With the images removed, return every line below exactly as it reads.

[Excerpts from a dataset]
# # # # # # #

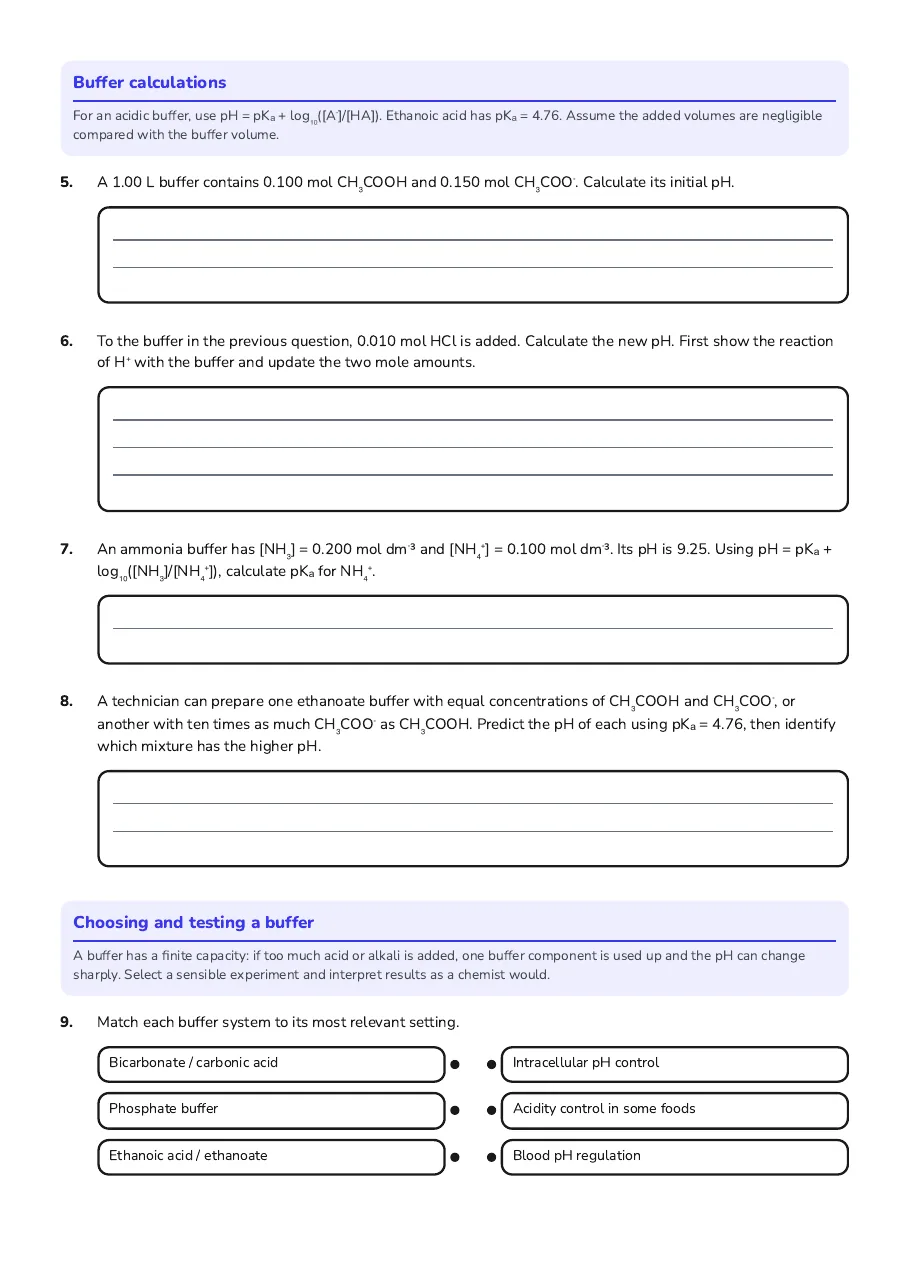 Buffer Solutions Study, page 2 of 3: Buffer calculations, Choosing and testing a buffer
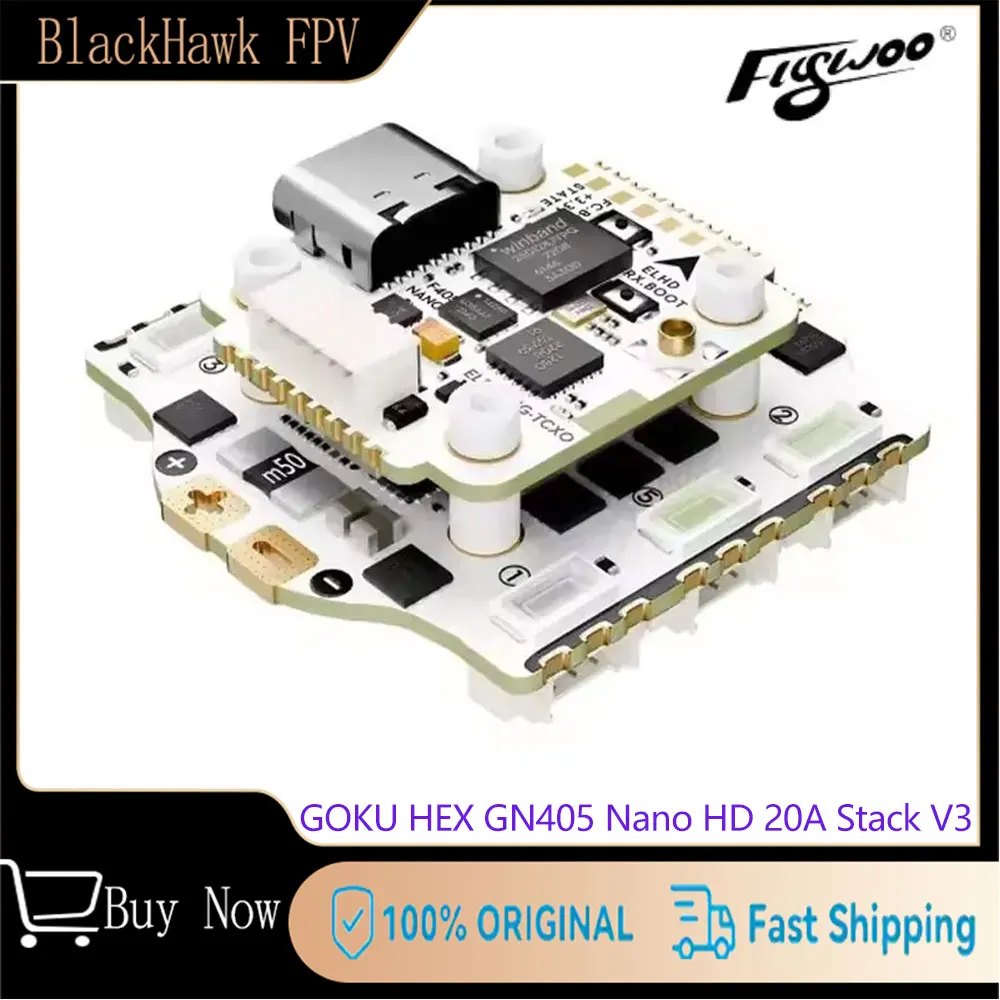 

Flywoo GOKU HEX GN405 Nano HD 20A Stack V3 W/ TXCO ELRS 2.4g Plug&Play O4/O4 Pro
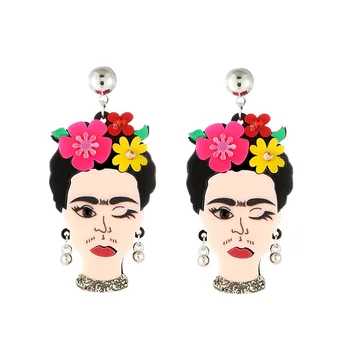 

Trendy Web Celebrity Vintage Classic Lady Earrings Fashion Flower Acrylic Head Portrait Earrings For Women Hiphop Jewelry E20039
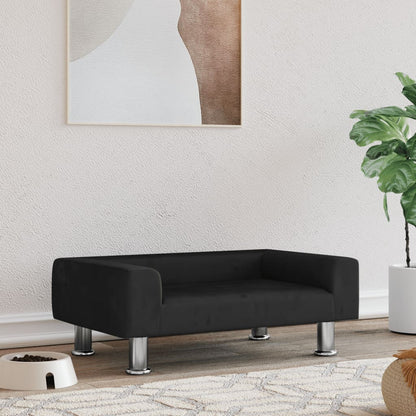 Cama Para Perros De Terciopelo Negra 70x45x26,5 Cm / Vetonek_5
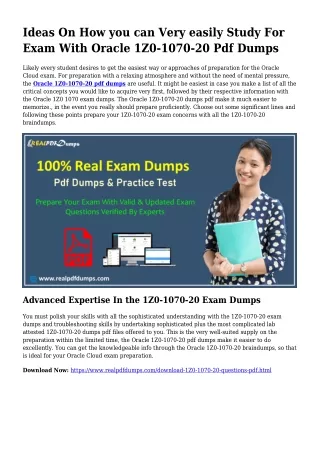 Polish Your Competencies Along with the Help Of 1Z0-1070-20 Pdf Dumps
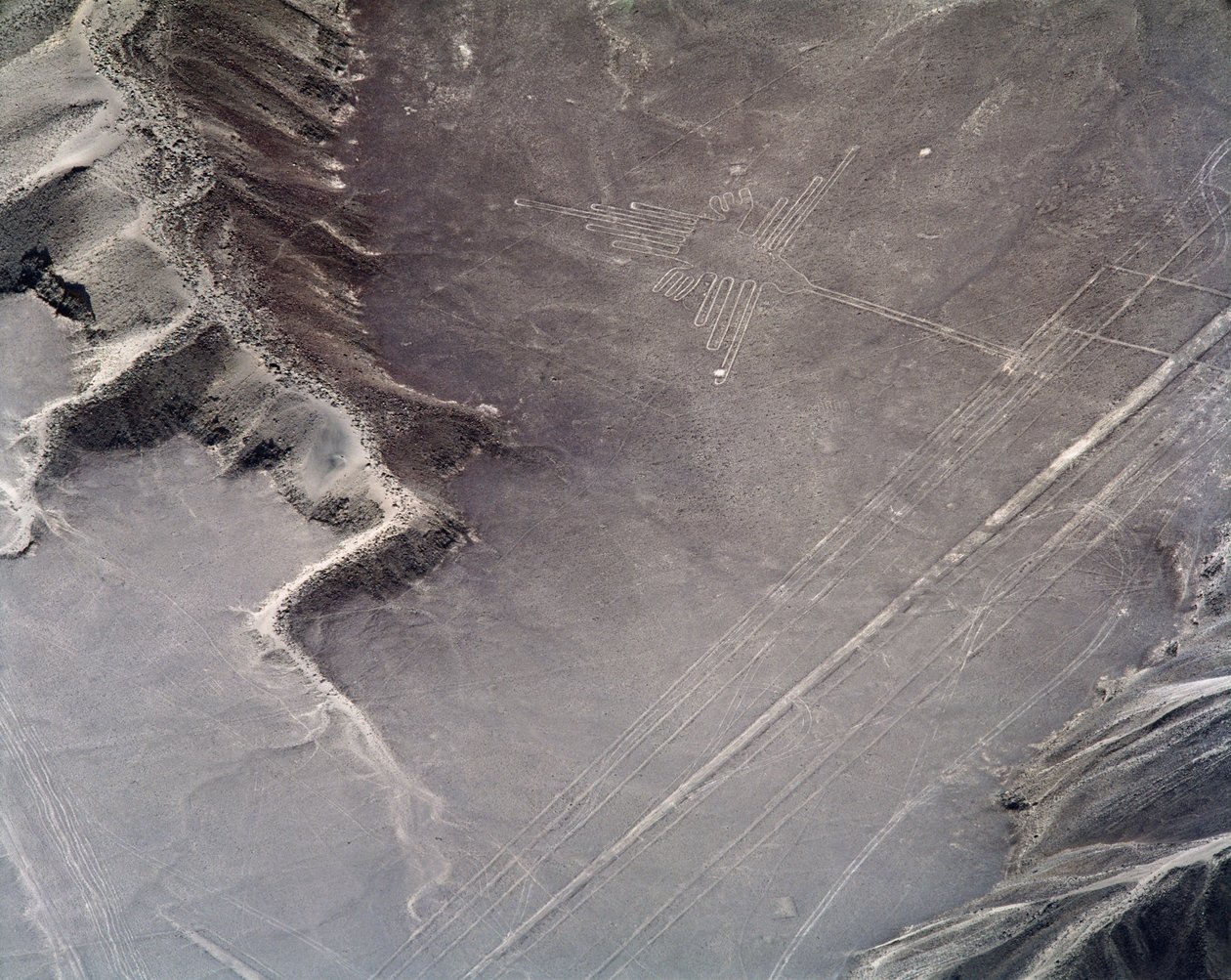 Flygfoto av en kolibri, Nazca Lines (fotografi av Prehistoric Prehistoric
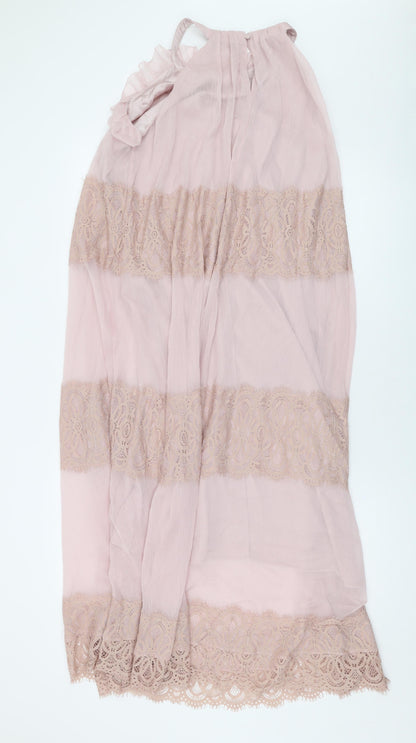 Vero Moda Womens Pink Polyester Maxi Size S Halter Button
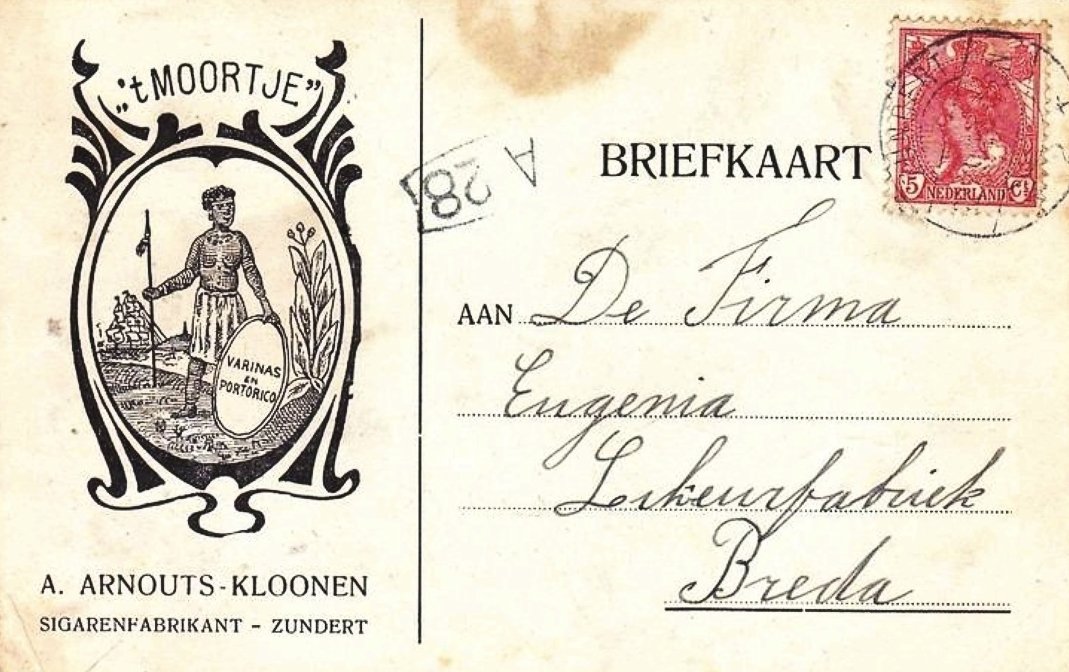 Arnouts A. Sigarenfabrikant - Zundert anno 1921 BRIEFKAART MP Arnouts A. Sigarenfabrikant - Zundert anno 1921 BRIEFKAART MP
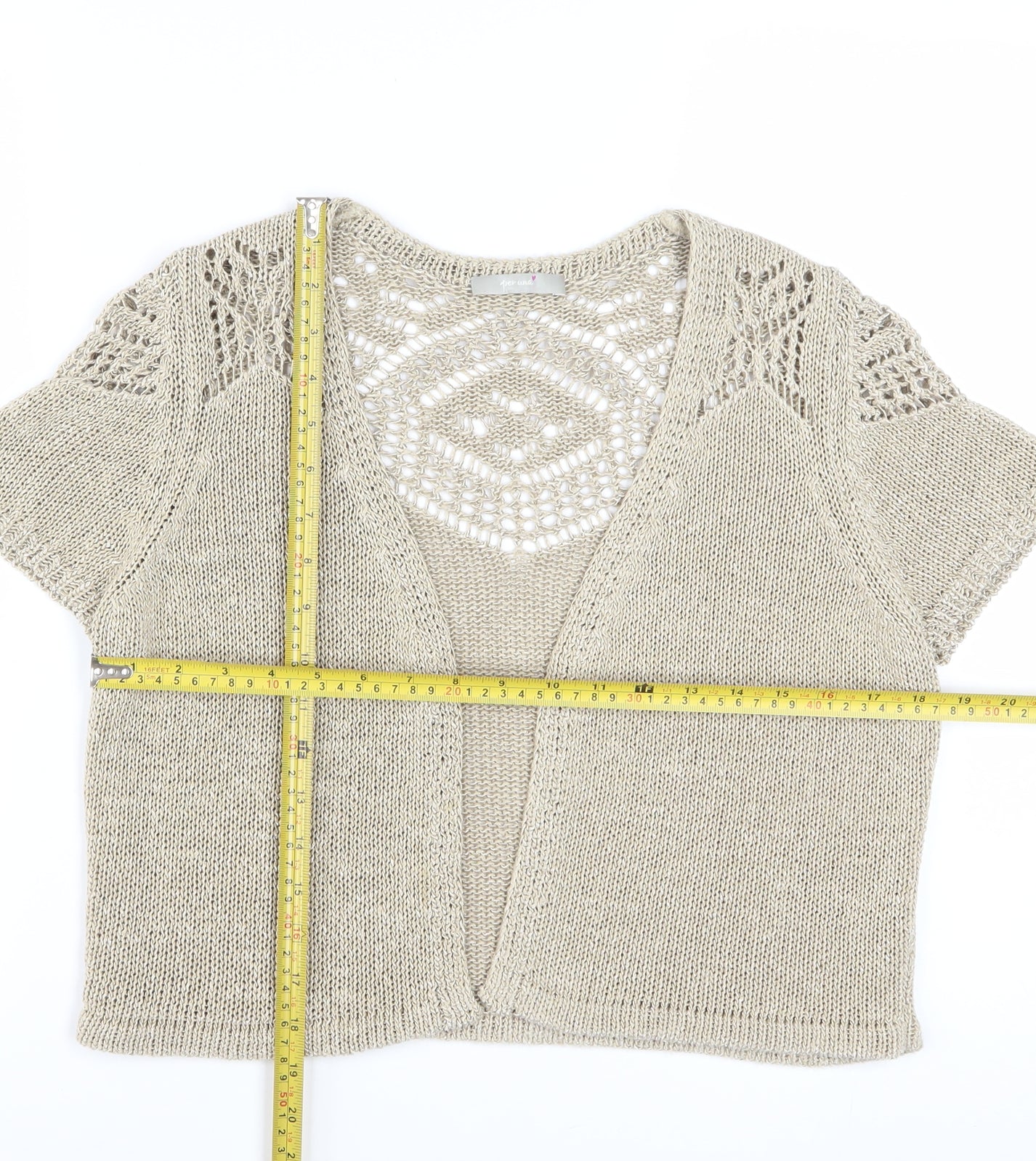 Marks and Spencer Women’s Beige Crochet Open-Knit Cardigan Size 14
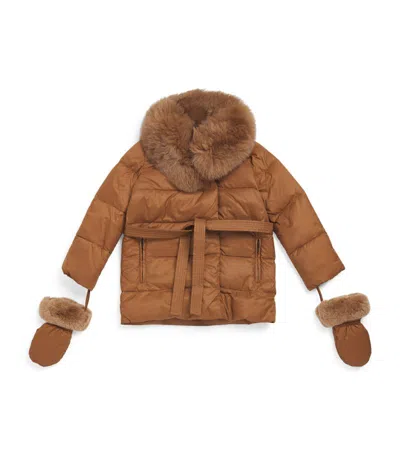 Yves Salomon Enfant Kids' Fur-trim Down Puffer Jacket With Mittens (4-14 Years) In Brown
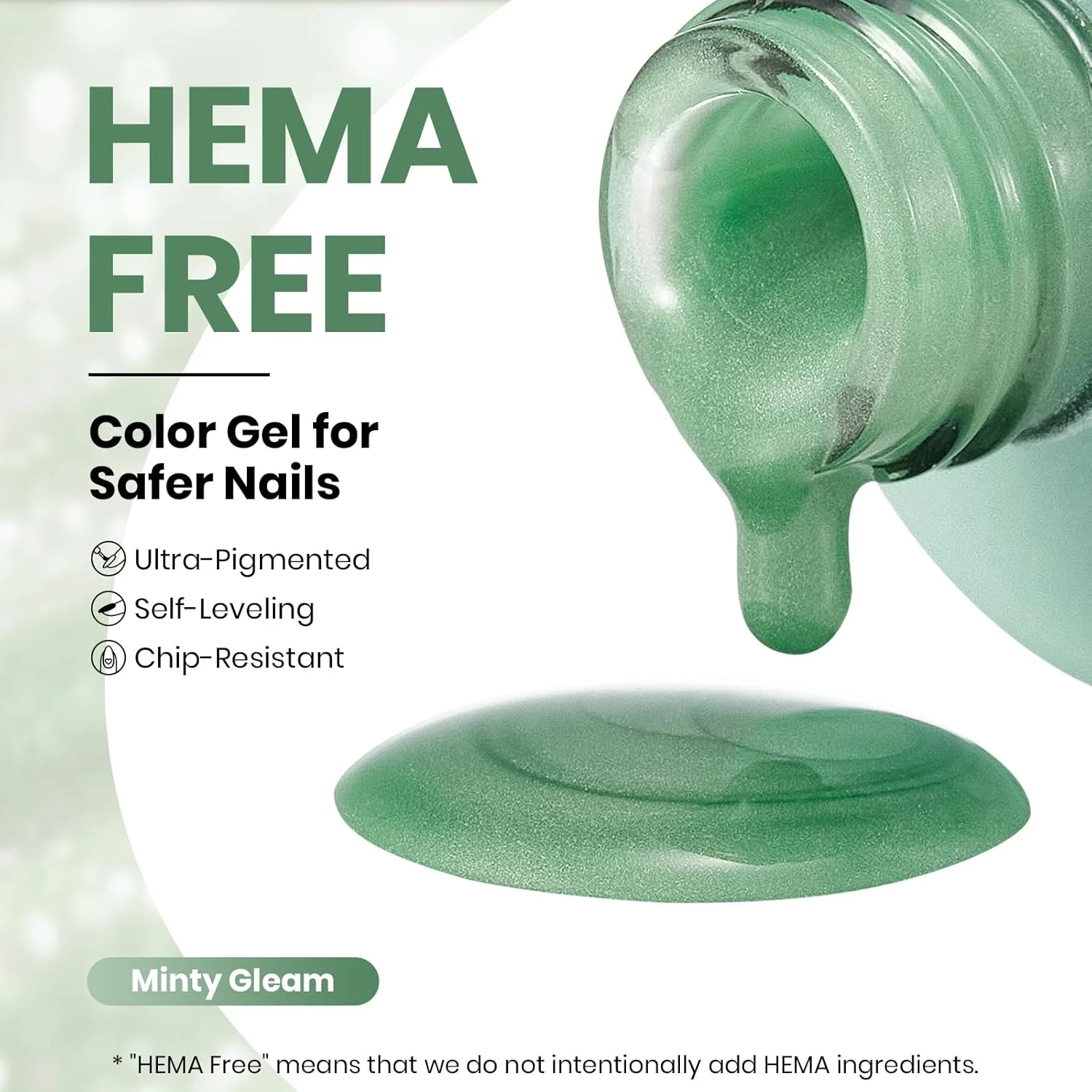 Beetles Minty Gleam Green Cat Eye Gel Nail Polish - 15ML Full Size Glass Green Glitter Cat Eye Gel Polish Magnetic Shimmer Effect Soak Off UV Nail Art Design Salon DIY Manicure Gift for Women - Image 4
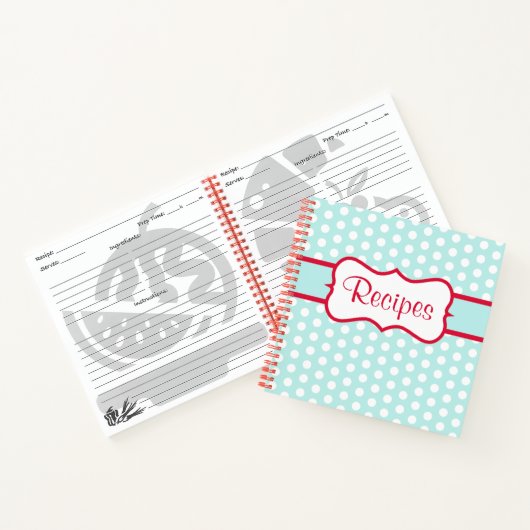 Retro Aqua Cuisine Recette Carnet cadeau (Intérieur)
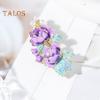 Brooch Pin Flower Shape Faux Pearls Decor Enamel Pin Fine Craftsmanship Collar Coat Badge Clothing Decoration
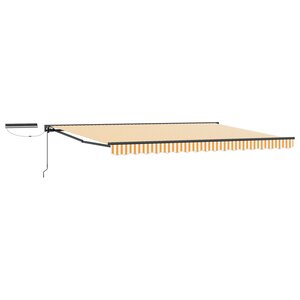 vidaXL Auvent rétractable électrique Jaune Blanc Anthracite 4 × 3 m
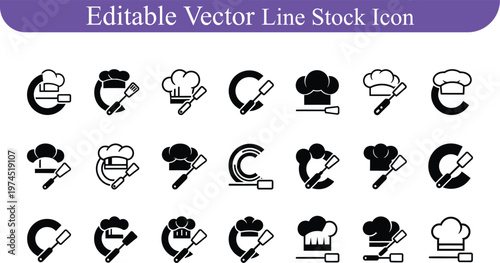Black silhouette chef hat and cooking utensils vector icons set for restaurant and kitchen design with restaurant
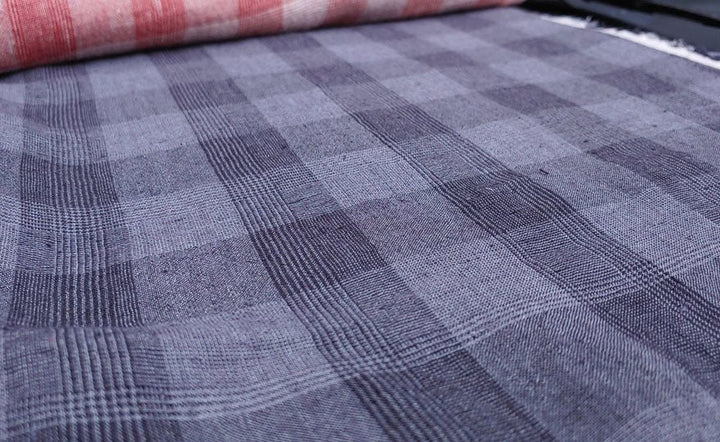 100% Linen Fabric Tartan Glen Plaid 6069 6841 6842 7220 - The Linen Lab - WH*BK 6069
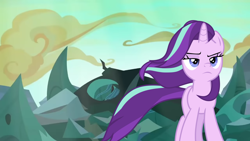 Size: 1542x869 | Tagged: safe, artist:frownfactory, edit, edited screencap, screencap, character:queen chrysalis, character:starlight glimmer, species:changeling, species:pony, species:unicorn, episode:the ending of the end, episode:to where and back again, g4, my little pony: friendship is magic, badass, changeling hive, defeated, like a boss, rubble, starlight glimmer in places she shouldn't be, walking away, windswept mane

# # # # # # #

__ANSWER FOR THIS EXERCISE__.
 Buffer Solutions Study, page 2 of 3: Buffer calculations, Choosing and testing a buffer

Flywoo GOKU HEX GN405 Nano HD 20A Stack V3 W/ TXCO ELRS 2.4g Plug&Play O4/O4 Pro

Trendy Web Celebrity Vintage Classic Lady Earrings Fashion Flower Acrylic Head Portrait Earrings For Women Hiphop Jewelry E20039
 Cama Para Perros De Terciopelo Negra 70x45x26,5 Cm / Vetonek_5
 Polish Your Competencies Along with the Help Of 1Z0-1070-20 Pdf Dumps
 Flygfoto av en kolibri, Nazca Lines (fotografi av Prehistoric Prehistoric
 Vero Moda Womens Pink Polyester Maxi Size S Halter Button
 Arnouts A. Sigarenfabrikant - Zundert anno 1921 BRIEFKAART MP Arnouts A. Sigarenfabrikant - Zundert anno 1921 BRIEFKAART MP
 Marks and Spencer Women’s Beige Crochet Open-Knit Cardigan Size 14
 Yves Salomon Enfant Kids' Fur-trim Down Puffer Jacket With Mittens (4-14 Years) In Brown
 Beetles Minty Gleam Green Cat Eye Gel Nail Polish - 15ML Full Size Glass Green Glitter Cat Eye Gel Polish Magnetic Shimmer Effect Soak Off UV Nail Art Design Salon DIY Manicure Gift for Women - Image 4
 Retro Aqua Cuisine Recette Carnet cadeau (Intérieur)
 Brooch Pin Flower Shape Faux Pearls Decor Enamel Pin Fine Craftsmanship Collar Coat Badge Clothing Decoration
 vidaXL Auvent rétractable électrique Jaune Blanc Anthracite 4 × 3 m
Black silhouette chef hat and cooking utensils vector icons set for restaurant and kitchen design with restaurant
 100% Linen Fabric Tartan Glen Plaid 6069 6841 6842 7220 - The Linen Lab - WH*BK 6069
 Size: 1542x869 | Tagged: safe, artist:frownfactory, edit, edited screencap, screencap, character:queen chrysalis, character:starlight glimmer, species:changeling, species:pony, species:unicorn, episode:the ending of the end, episode:to where and back again, g4, my little pony: friendship is magic, badass, changeling hive, defeated, like a boss, rubble, starlight glimmer in places she shouldn't be, walking away, windswept mane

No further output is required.